Record excerpts Block Start
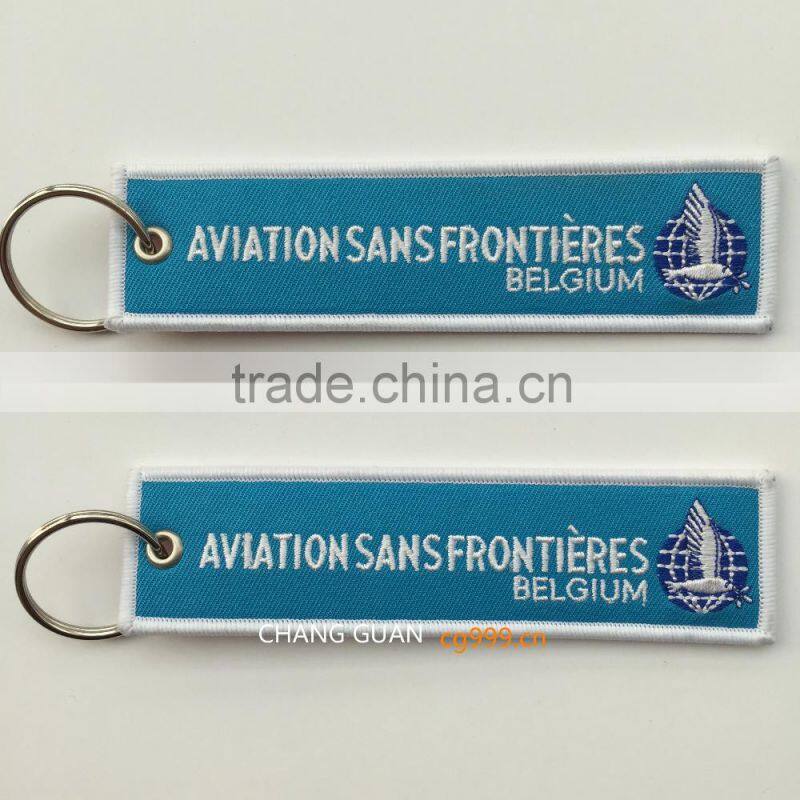 The army high quality embroidery key ring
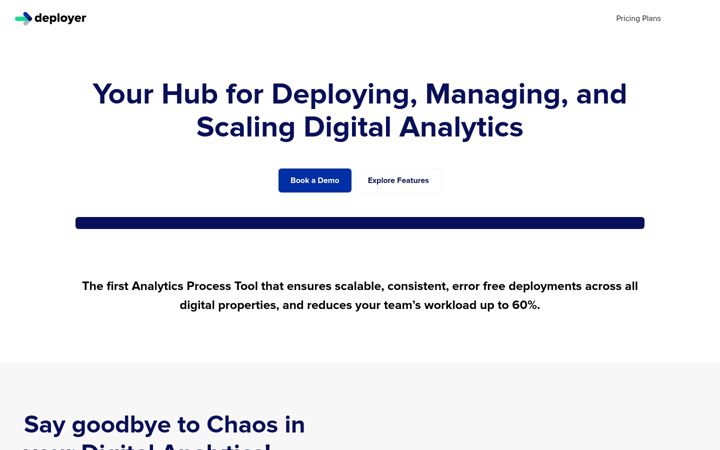 Screenshot of analyticsdeployer.com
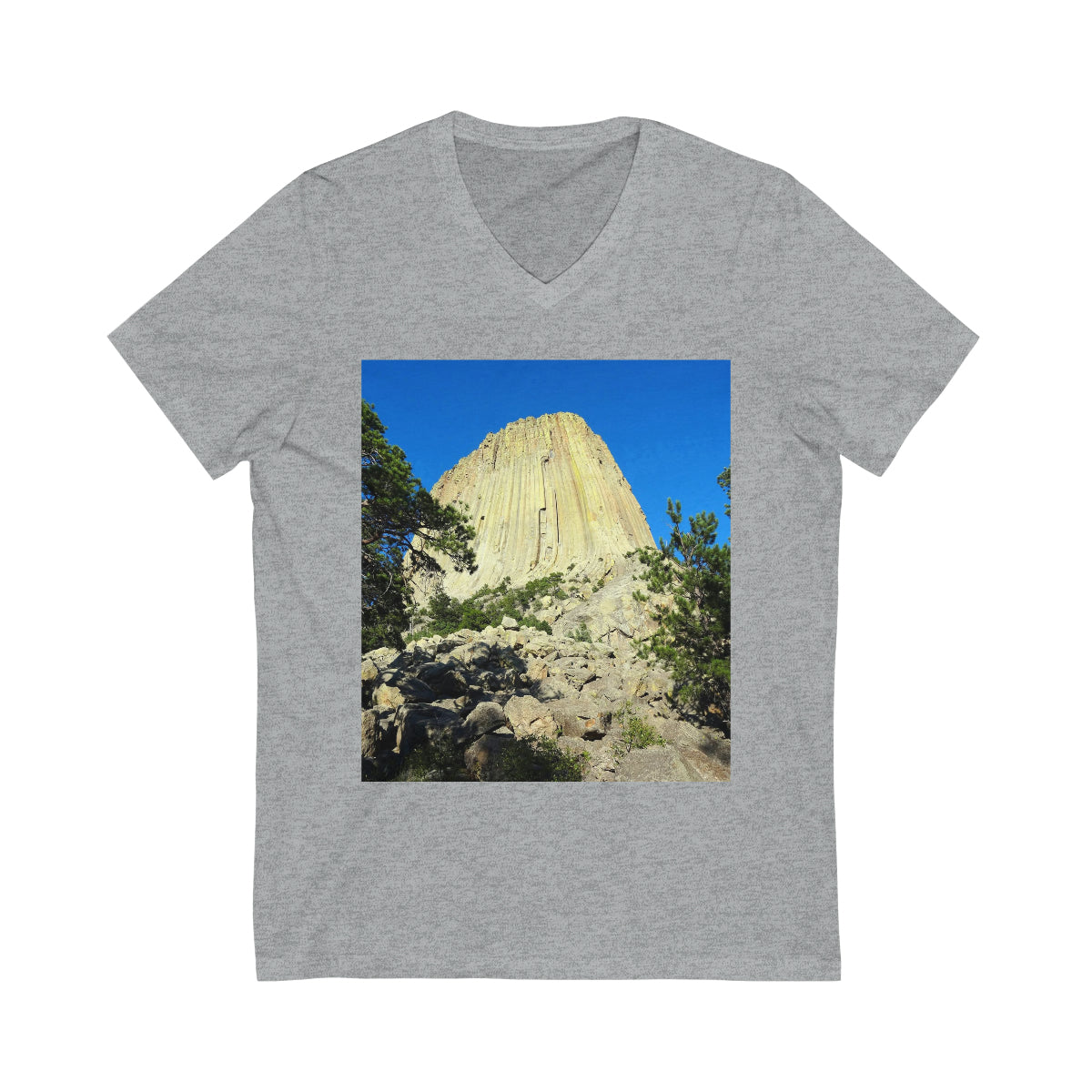 Reaching Heaven - Unisex Jersey Short Sleeve V-Neck Tee - Fry1Productions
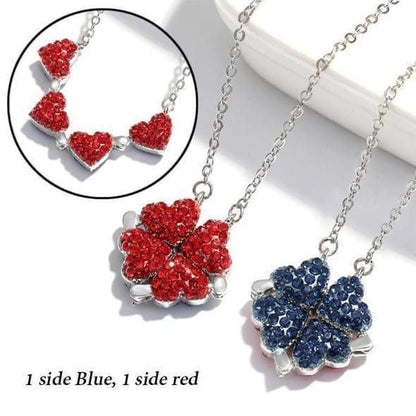 Sterling Silver Double-sided Convertible Heart Necklace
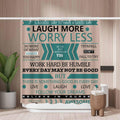 Jolof Store Live Love Life Shower Curtain – Mold Resistant Polyester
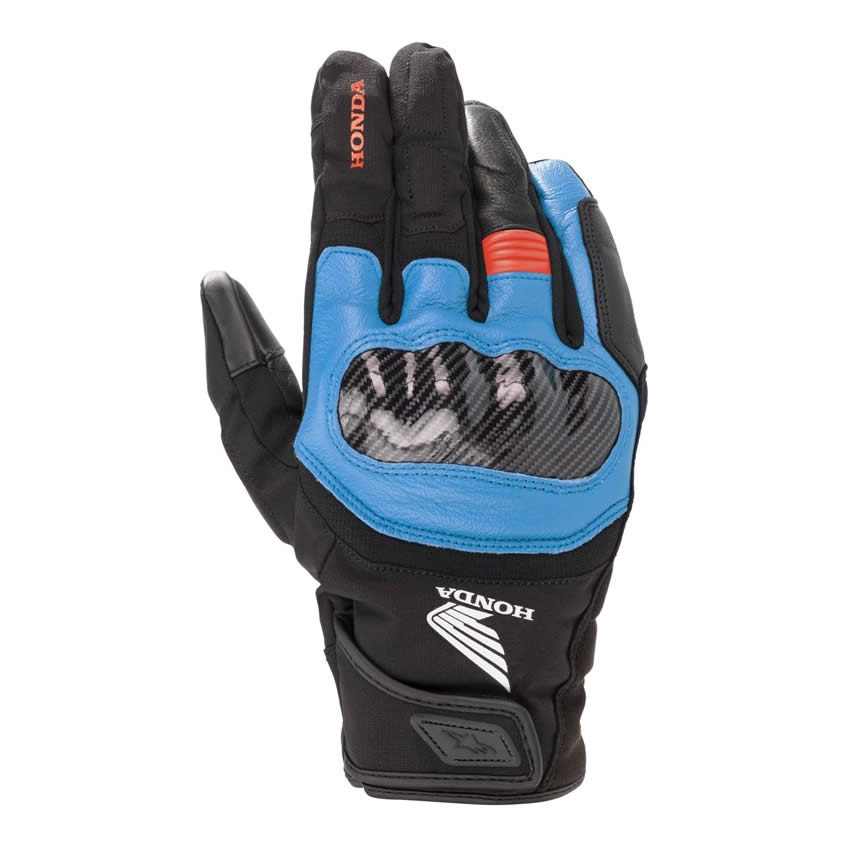 Alpinestars Handschuhe SMX-Z Drystar Honda, schwarz-blau-rot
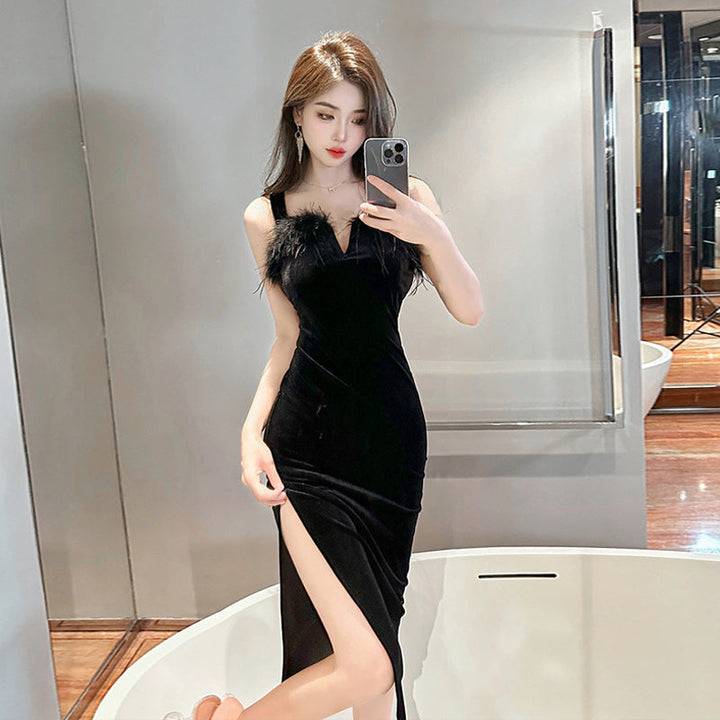 Levoire | Robe sirène longue en velours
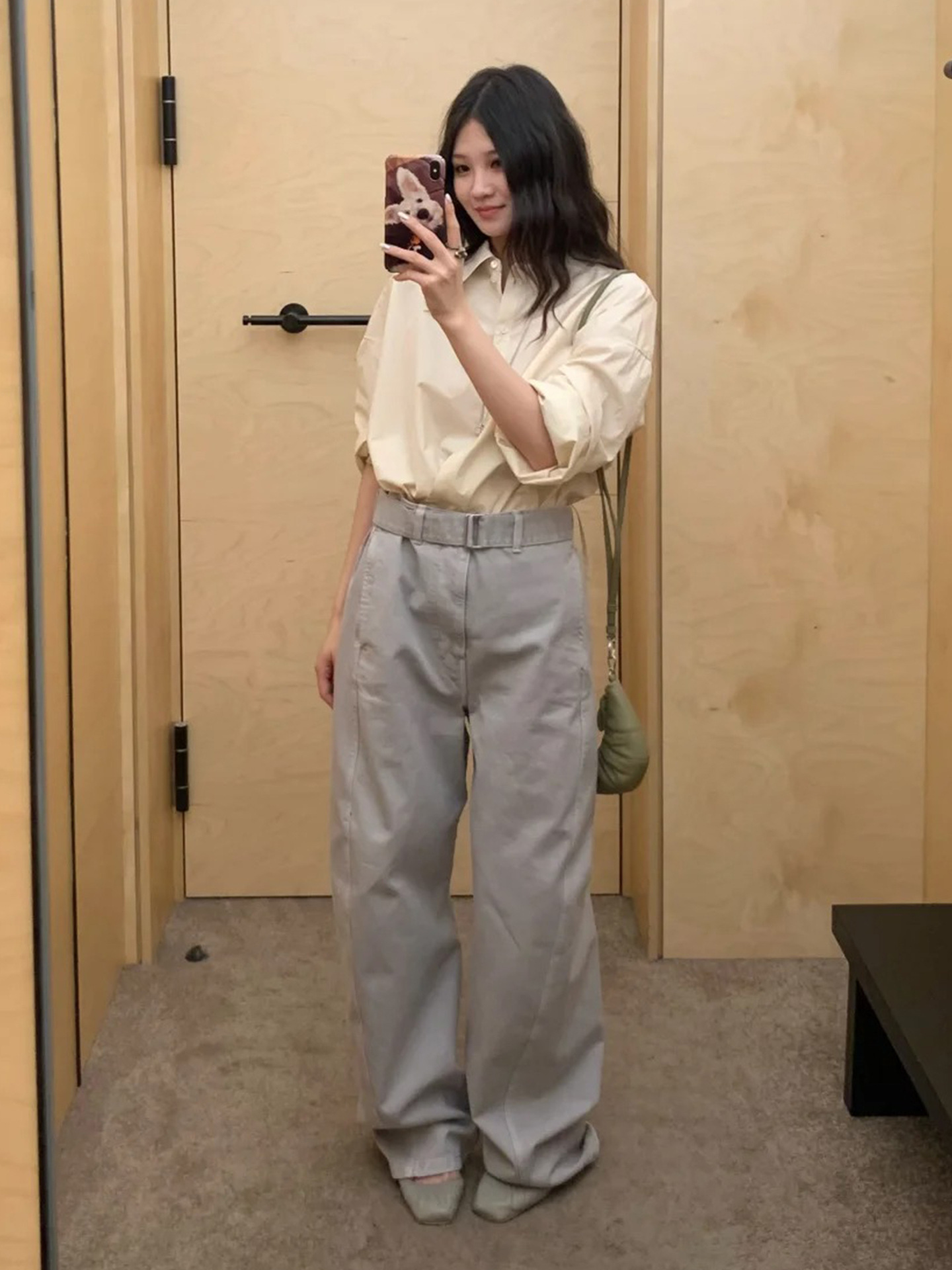 Spring cotton belt bag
Record excerpts Block End
Transcribe the records above exactly, leaving every picture out of the copy.

 The army high quality embroidery key ring
 Screenshot of analyticsdeployer.com
 Reaching Heaven - Unisex Jersey Short Sleeve V-Neck Tee - Fry1Productions
 Sterling Silver Double-sided Convertible Heart Necklace
 Jolof Store Live Love Life Shower Curtain – Mold Resistant Polyester
 Alpinestars Handschuhe SMX-Z Drystar Honda, schwarz-blau-rot
 Levoire | Robe sirène longue en velours
 Spring cotton belt bag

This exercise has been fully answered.